La rapidité de la prise en charge du patient laisse à désirer. Une étude de l’Institut Fraser publiée au mois d’octobre 2009 révélait que « le délai avant de recevoir un traitement ou subir une chirurgie est de 16, 6 semaines » . (Les délais d'attente restent trop longs dans les hôpitaux. Marie-Eve SHAFFER – Métro Montréal – 30 octobre 2009). Pire encore, le temps d’attente est très long au niveau des hôpitaux (parfois plus de huit heures d’attente entre le temps de passer au triage et de voir un médecin) mais aussi les délais d’attente pour le traitement de certaines maladies par les spécialistes sont trop longs. Les patients québécois prennent leur mal en patience puisqu’ils attendent en moyenne 8,2 semaines avant de se faire traiter par un médecin spécialiste .
L’engorgement des urgences n’est pas prêt de se résorber. En 2010, le temps d’attente a été souvent évoqué dans les joutes oratoires à l’Assemblée nationale du Québec.

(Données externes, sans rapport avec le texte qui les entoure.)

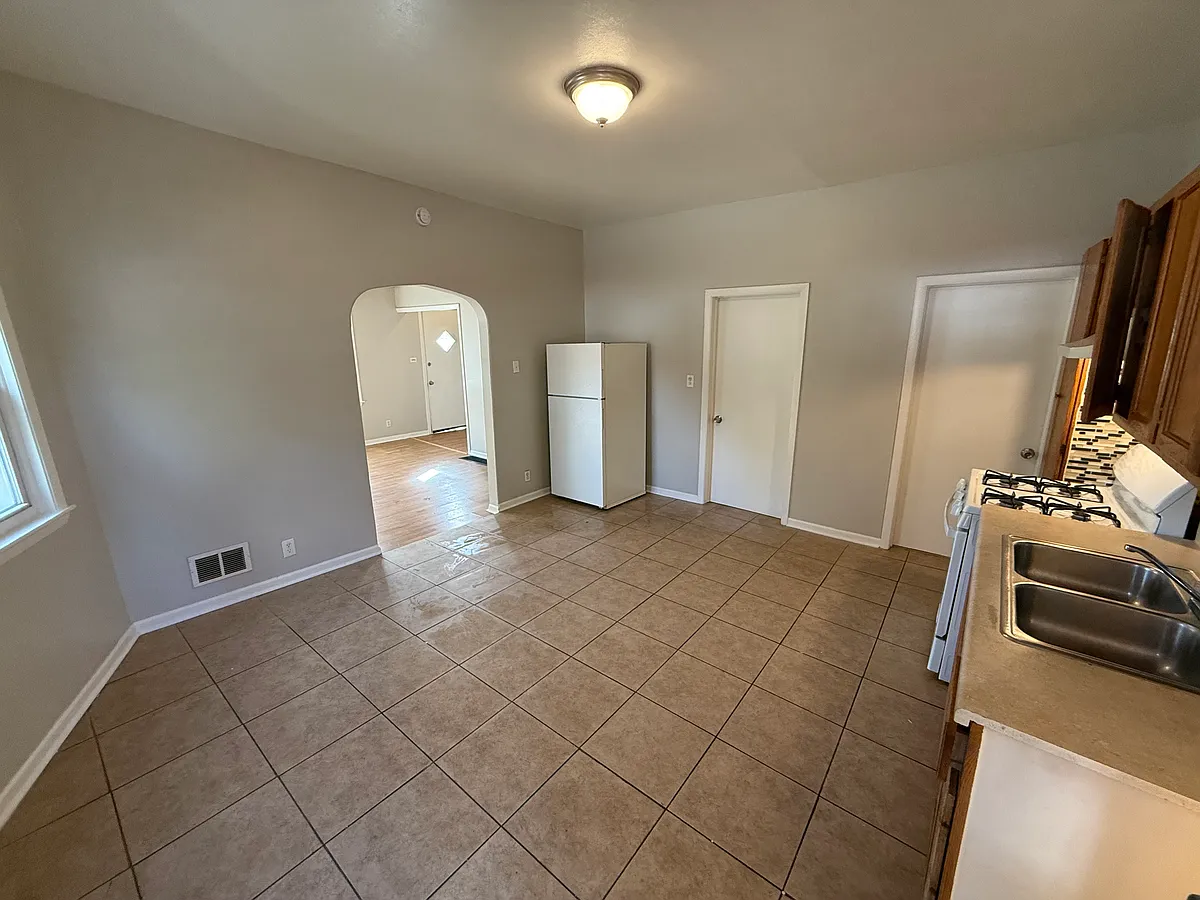 Building Photo - 2100 York St #1F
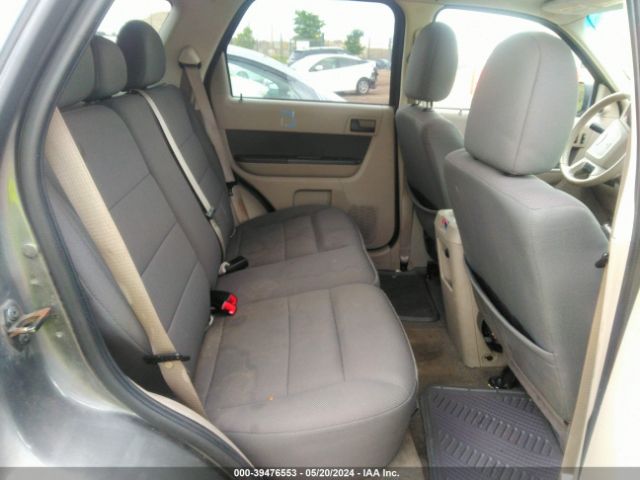 Photo 7 VIN: 1FMCU0D77AKB31677 - FORD ESCAPE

« Le critique péquiste en matière de santé, Bernard Drainville , a indiqué que, sept ans plus tard, «l'attente dans les urgences n'a jamais été aussi élevée»: 17 heures et demie en moyenne. Quelque 50 000 personnes ont attendu plus de 48 heures, comparativement à 40 000 l'an dernier. M. Bolduc avait promis «beaucoup d'améliorations» lorsqu'il est entré en fonction, en 2008. «Deux ans plus tard, les résultats non seulement ne sont pas là, mais c'est un échec patent, a lancé M. Drainville. Jusqu'à maintenant, il n'a absolument pas fait la preuve qu'il était le soi-disant expert dans la gestion des salles d'urgences qu'il prétendait être lorsqu'il est devenu ministre de la Santé.»

Au Québec les médecins sont payés à l’acte par le biais de la carte d’assurance- maladie. La pénurie artificielle, diront certains sceptiques, crée la loi de l’offre et de la demande. Le pouvoir de négociation des médecins devient plus fort dans un contexte de pénurie de main-d’œuvre médicale. Une équation qui démontre que la rareté de personnel entraîne de fait plusieurs marges de manœuvre de la part des ordres professionnels sensés défendre les intérêts de la population. Certains Québécois disent avec raison que certains acteurs institutionnels du système médical comme celui du Collège des médecins du Québec (CMQ) maintiennent superficiellement la pénurie de main-d’œuvre médicale.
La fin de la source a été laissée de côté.